■ **Problem details**: Could you repeat exactly the lines below, from the line containing "Izmir Palas Otel" through the last one, both included, while leaving out any pictures?

■ **Input**:

══════════════════════════════

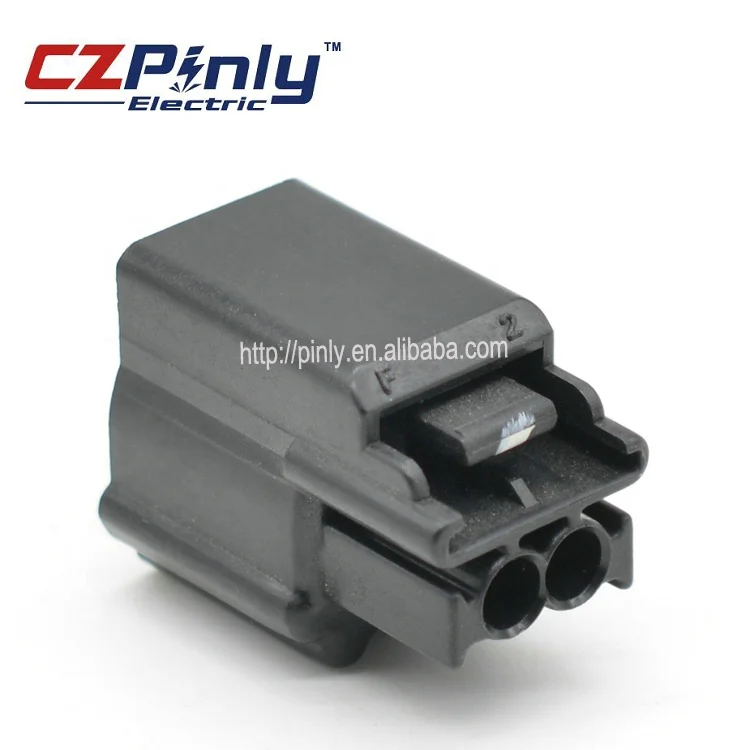 2 Way Female Automotive Connector For Ford 3U2Z-14S411-EKB EPC E-4995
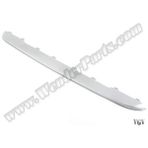 Rose Bmw X1:E84 Tampon Izgara Çitası Ön Orta; Mat-Alüminyum -X-Line- 2012-15 B A51117303759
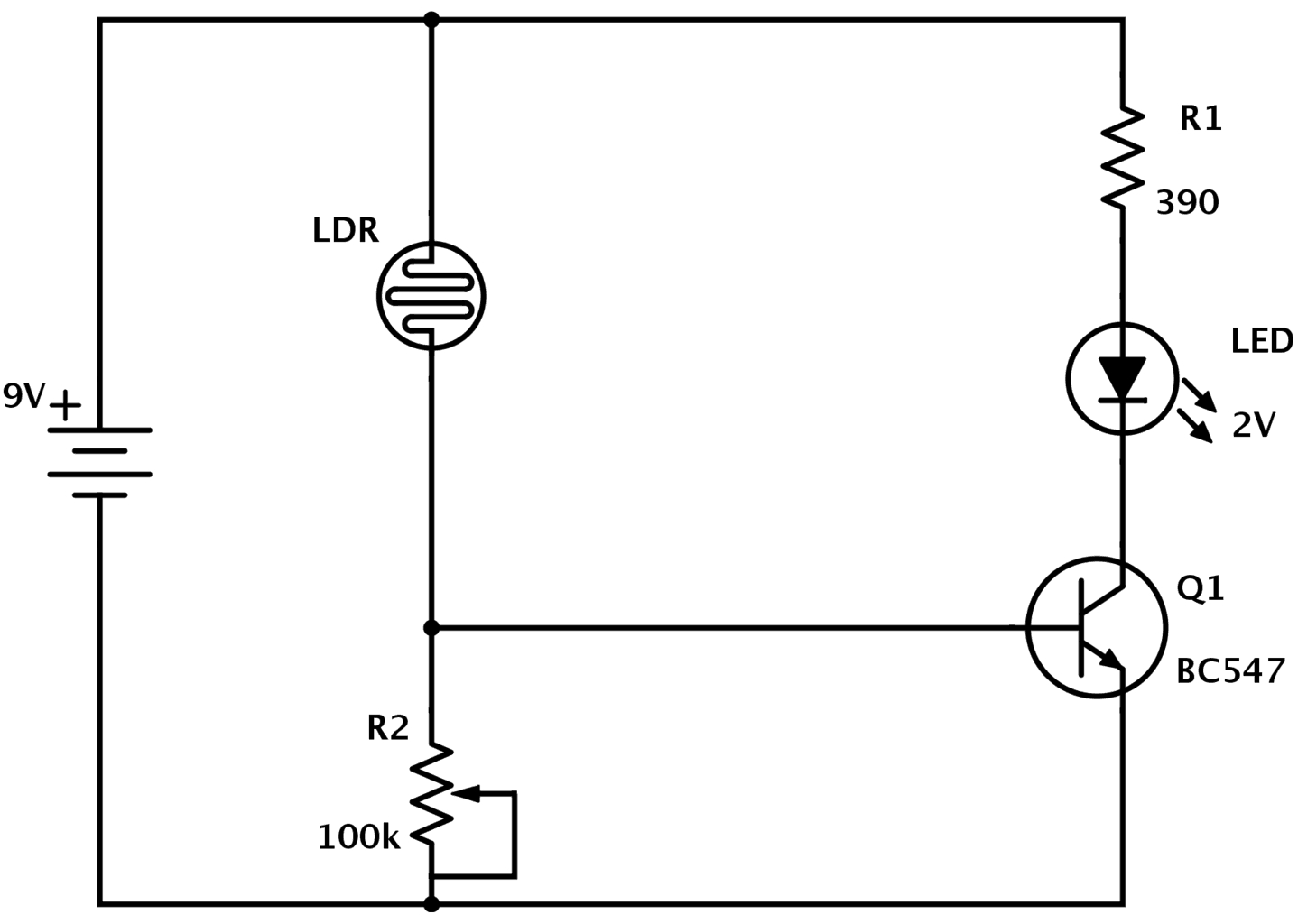 Basic Wiring Diagram - Wiring Diagrams Hubs - Basic Wiring Diagram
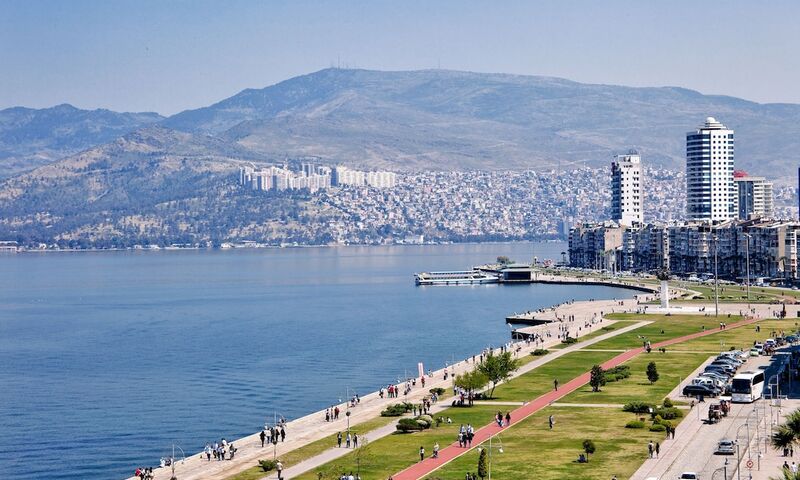 Izmir Palas Otel
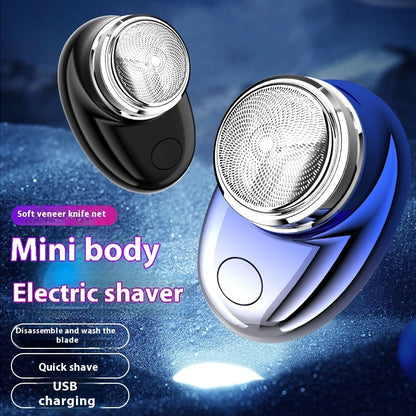 Electric Mini Vehicle-mounted Home Use Portable Shaver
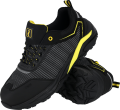 Półbuty bezpieczne REIS CARBON S3S FO SR czarno-żółte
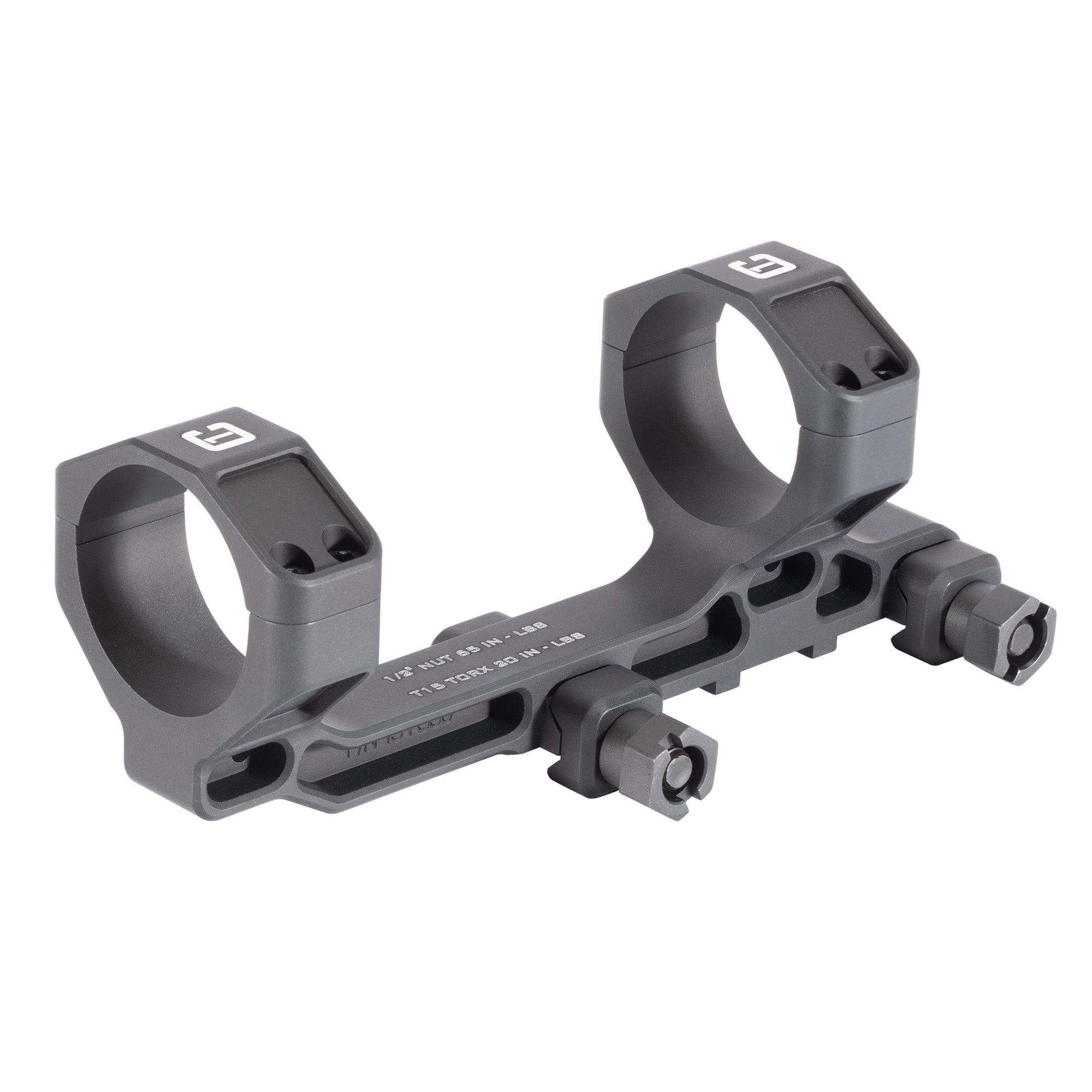 Badger Comm 34mm 1.54" 20 Moa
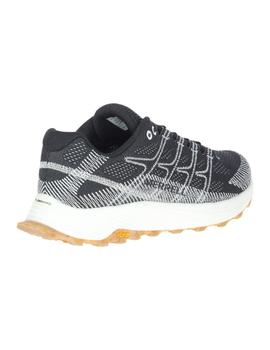 Zapatillas Merrell Moab Flight Hombre Negro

══════════════════════════════

■ **Written solution**:
 Izmir Palas Otel
 Electric Mini Vehicle-mounted Home Use Portable Shaver
 Półbuty bezpieczne REIS CARBON S3S FO SR czarno-żółte
 Badger Comm 34mm 1.54" 20 Moa
 Zapatillas Merrell Moab Flight Hombre Negro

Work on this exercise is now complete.